One might recall that the Supreme Court’s unanimous Sackett v. EPA decision held an EPA compliance order, alleging the Sacketts had violated the Clean Water Act by placing fill material on their property without a permit and requiring restoration of the property, was a final agency action and subject to judicial review under the APA. The Supreme Court concluded the Sacketts had no other adequate remedy at law and further stated that the APA creates a “presumption favoring judicial review of administrative action.” Justice Scalia, writing for the Court, said this “presumption of judicial review is a repudiation of the principle that efficiency of regulation conquers all.” He continued that nothing in the CWA can be read to enable or condone “the strong-arming of regulated parties into ‘voluntary compliance’ without the opportunity for judicial review—even judicial review of the question whether the regulated party is within EPA’s jurisdiction.” Clearly, principles of fundamental fairness and due process underlie the Sackettdecision.
If one goes back to the Hawkes case, note that the Corps describes its preliminary and Approved JDs as tools– i.e. guidance, to help implement the Clean Water Act, and not orders.
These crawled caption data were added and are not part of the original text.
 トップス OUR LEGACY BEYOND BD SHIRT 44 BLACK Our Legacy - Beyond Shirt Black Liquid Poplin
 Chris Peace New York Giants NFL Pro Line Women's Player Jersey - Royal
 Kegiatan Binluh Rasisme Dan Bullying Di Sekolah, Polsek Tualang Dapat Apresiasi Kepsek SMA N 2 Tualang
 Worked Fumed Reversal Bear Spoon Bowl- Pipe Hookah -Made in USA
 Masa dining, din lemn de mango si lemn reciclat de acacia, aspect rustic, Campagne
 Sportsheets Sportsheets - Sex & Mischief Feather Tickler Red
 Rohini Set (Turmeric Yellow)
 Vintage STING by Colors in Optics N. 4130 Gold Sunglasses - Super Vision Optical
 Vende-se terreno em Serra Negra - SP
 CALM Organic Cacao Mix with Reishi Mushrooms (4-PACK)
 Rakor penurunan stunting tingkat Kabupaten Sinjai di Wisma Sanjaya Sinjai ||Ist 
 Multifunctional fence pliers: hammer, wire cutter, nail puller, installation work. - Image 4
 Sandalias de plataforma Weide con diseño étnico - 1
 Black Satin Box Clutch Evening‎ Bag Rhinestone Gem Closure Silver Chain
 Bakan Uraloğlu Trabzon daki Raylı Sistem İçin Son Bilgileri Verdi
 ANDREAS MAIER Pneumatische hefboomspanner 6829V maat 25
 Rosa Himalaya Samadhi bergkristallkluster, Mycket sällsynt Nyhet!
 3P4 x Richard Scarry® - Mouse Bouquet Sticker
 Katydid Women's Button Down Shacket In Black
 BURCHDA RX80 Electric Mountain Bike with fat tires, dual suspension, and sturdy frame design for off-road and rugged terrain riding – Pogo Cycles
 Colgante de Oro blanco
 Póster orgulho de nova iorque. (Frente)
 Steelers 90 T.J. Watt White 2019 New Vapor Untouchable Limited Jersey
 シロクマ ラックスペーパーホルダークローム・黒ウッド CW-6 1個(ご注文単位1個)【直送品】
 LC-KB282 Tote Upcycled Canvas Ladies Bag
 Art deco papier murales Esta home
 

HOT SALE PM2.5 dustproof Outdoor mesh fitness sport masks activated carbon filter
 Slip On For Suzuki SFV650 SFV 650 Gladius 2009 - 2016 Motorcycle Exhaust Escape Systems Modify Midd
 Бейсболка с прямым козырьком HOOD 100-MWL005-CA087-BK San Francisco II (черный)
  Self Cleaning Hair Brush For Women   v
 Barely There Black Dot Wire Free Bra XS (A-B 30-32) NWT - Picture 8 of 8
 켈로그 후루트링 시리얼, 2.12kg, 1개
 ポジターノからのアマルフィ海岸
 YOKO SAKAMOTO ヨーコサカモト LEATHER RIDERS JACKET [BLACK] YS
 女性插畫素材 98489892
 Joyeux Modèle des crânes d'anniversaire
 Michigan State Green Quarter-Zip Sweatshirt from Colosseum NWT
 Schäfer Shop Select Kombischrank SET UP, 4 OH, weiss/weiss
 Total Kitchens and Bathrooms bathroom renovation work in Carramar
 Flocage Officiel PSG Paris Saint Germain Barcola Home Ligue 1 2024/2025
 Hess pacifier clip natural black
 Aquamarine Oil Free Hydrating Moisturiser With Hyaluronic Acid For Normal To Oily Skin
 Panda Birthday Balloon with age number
JDs probably do streamline the permitting process because an applicant will know what the Corps’ position is before investing heavily in a permit process and may decide to abandon the project. But, there is a hint of “strong-arming” tactics in the Hawkes case that does not bode well for a deferential decision by the Supreme Court to the Corps. However, even if Corps’ JDs become subject to judicial review in the future, won’t a reviewing court still ascribe a certain amount of deference to the Corps’ expertise under APA standard of review precedents? Wouldn’t the Corps have to defend its JD at some point if challenged? Will the Corps really lose much by defending its JD sooner rather than later?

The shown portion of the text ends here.